**DIRECTIONS FOR THIS TASK:** Please output all the entries word for word, without the pictures.

**INPUT DATA:**
● ● ●

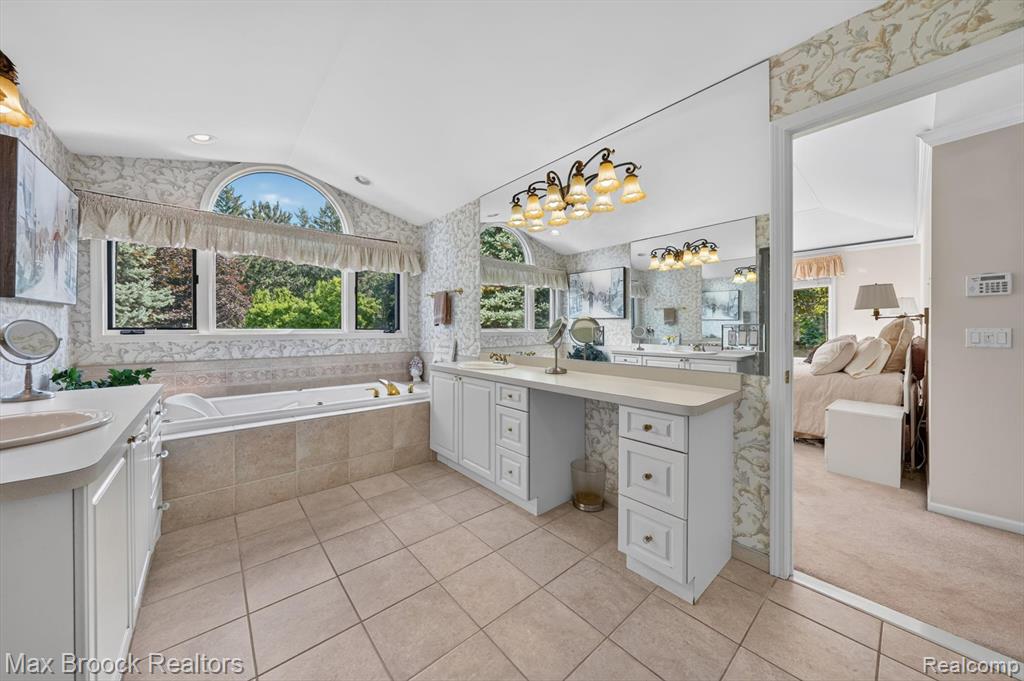 27261 Apple Tree Lane Property Photo 31
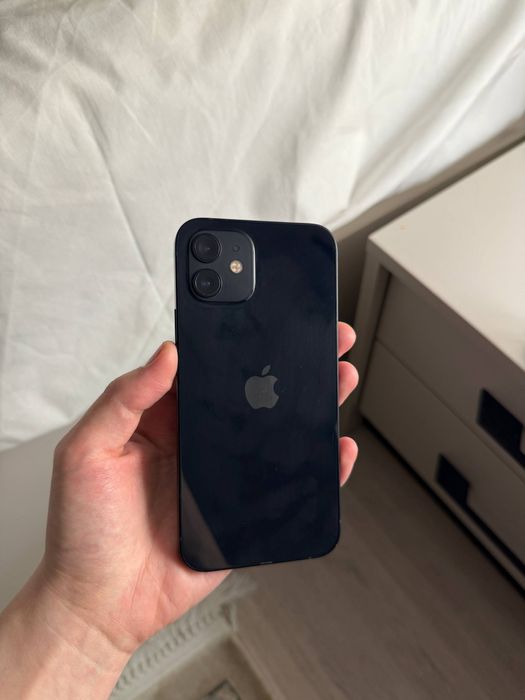 IPhone 12, 128 gb
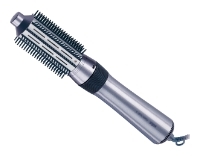 Braun AS 330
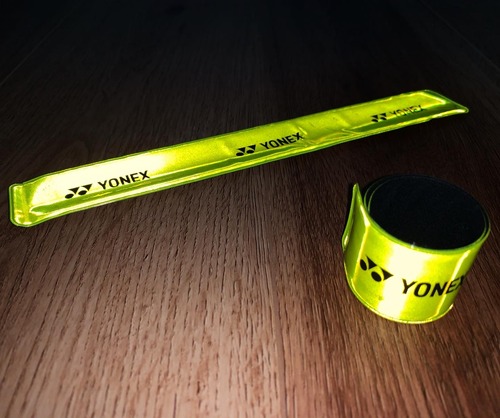 36DC9496-9322-4A81-A6B0-E0E2AE1203A5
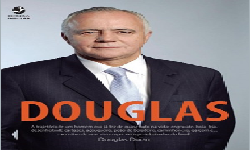 Douglas Corporation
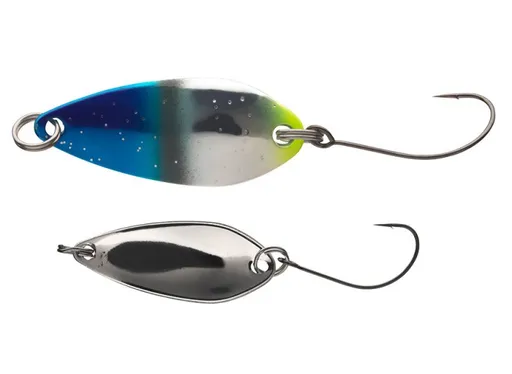 Daiwa plandavka presso adm manhattan 2,6 cm 3,8 g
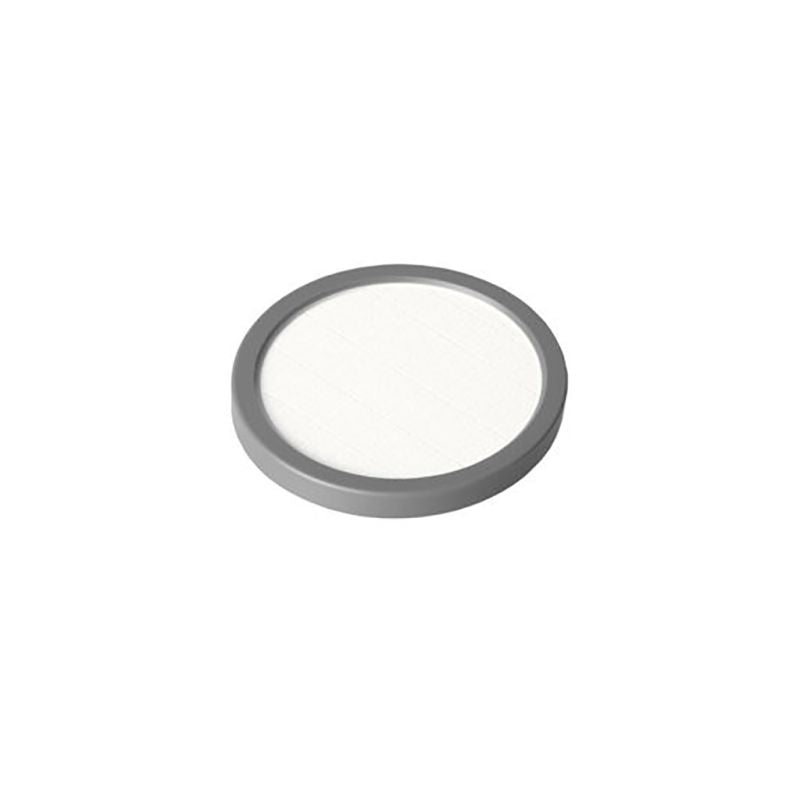 Cake Make-up Blanco 001 de Grimas 35 g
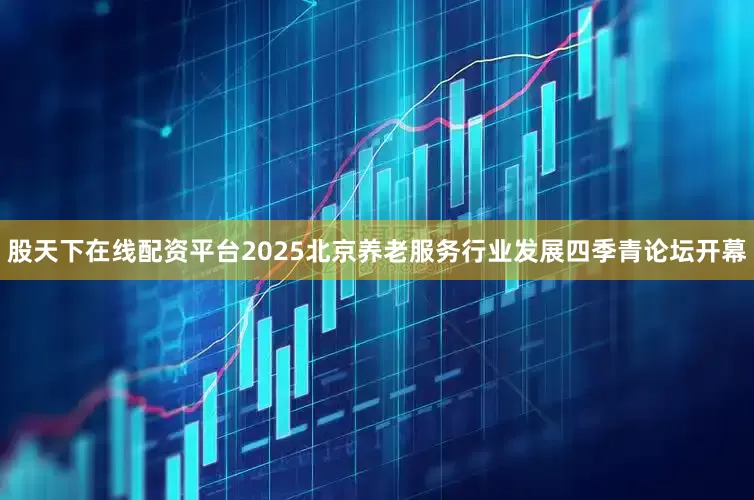 股天下在线配资平台2025北京养老服务行业发展四季青论坛开幕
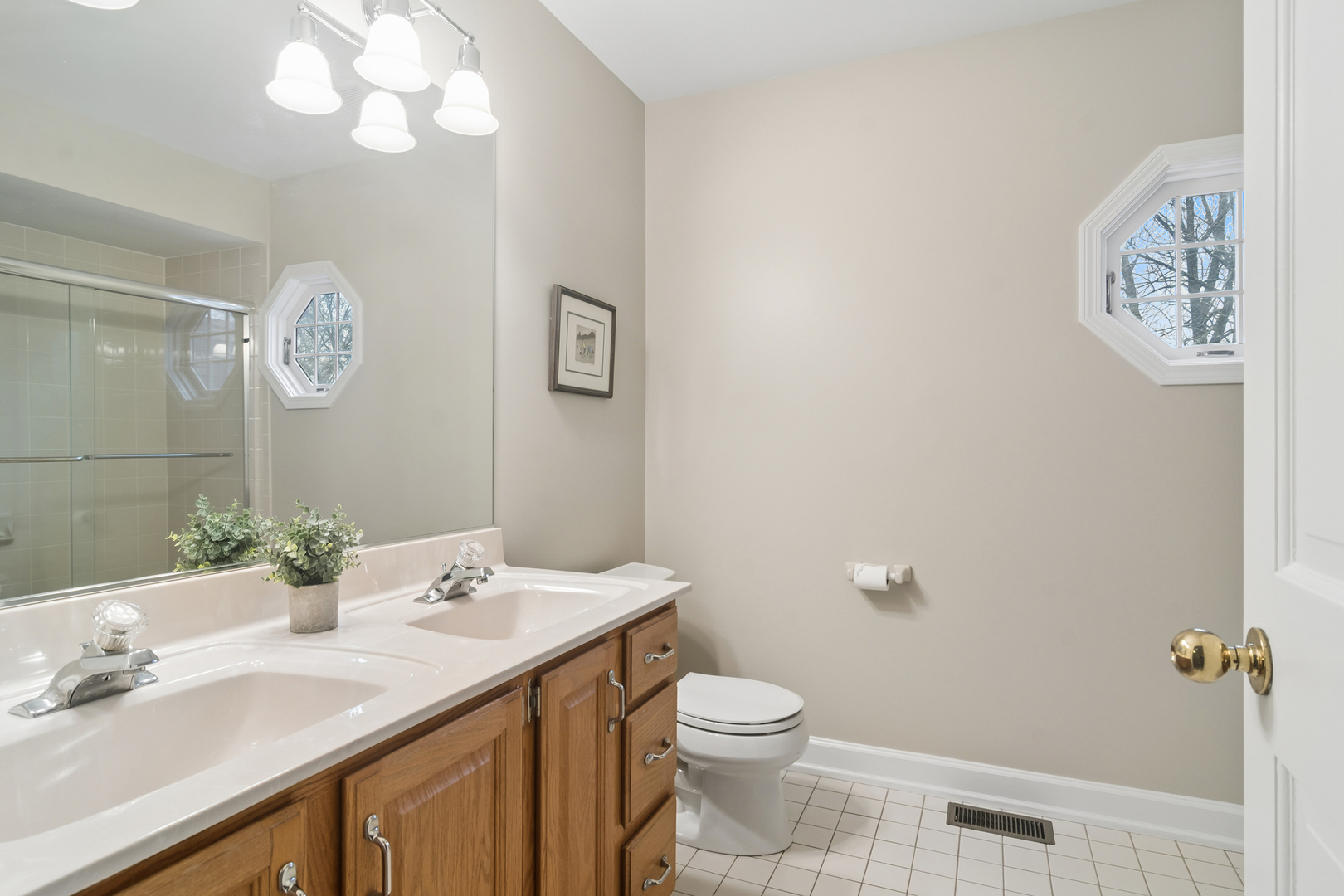 23466 W Redwing Place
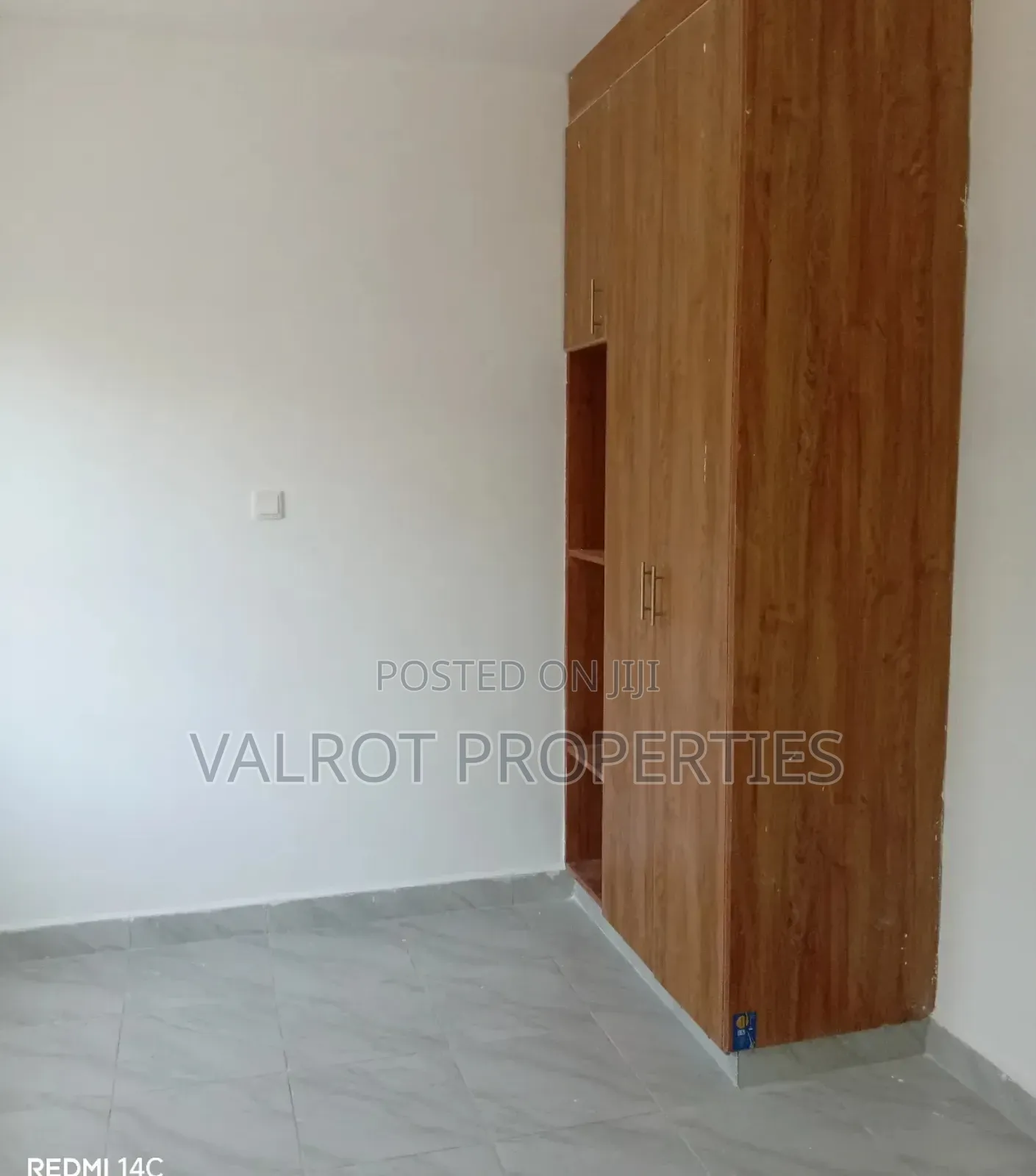 4bdrm Bungalow in Kiserian for sale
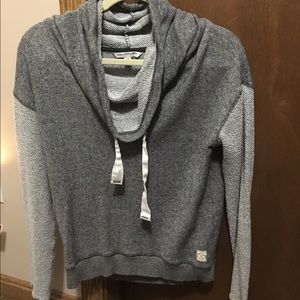 American eagle sweatshirt
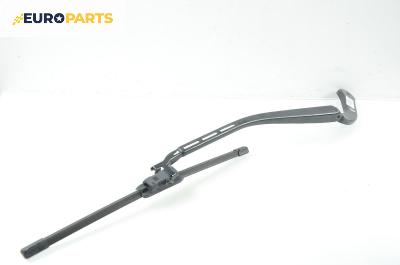 Рамо на чистачка за BMW 3 Series E90 Sedan (E90) (01.2005 - 12.2011), позиция: лява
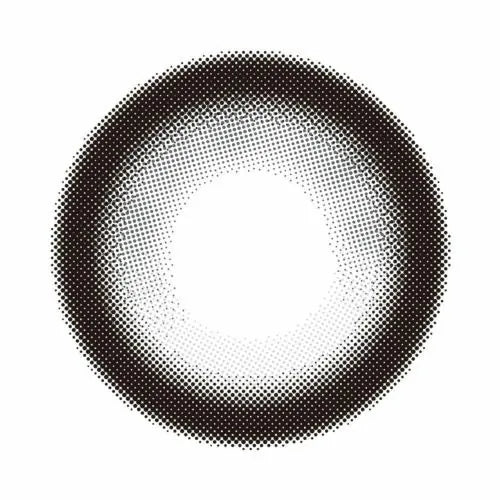 Tokitome Gray Chapun - Pattern Design SSAILORCON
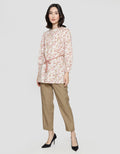 Exit Maddy Blouse Wanita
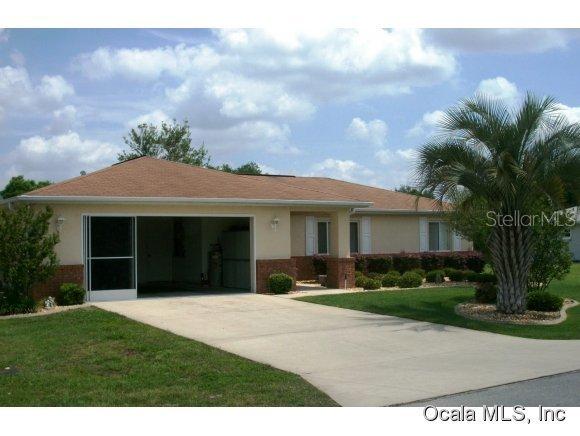 6071 SW 98 Loop, Ocala, FL 34476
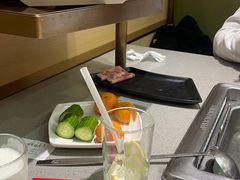 -海底捞火锅(奉化银泰店)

● ● ●

**EXPECTED ANSWER:**
 27261 Apple Tree Lane Property Photo 31
 IPhone 12, 128 gb
 Braun AS 330
 36DC9496-9322-4A81-A6B0-E0E2AE1203A5
 Douglas Corporation
 Daiwa plandavka presso adm manhattan 2,6 cm 3,8 g
 Cake Make-up Blanco 001 de Grimas 35 g
 股天下在线配资平台2025北京养老服务行业发展四季青论坛开幕
 23466 W Redwing Place
 4bdrm Bungalow in Kiserian for sale
 American eagle sweatshirt
 Рамо на чистачка за BMW 3 Series E90 Sedan (E90) (01.2005 - 12.2011), позиция: лява
 Tokitome Gray Chapun - Pattern Design SSAILORCON
 Exit Maddy Blouse Wanita
 6071 SW 98 Loop, Ocala, FL 34476
 -海底捞火锅(奉化银泰店)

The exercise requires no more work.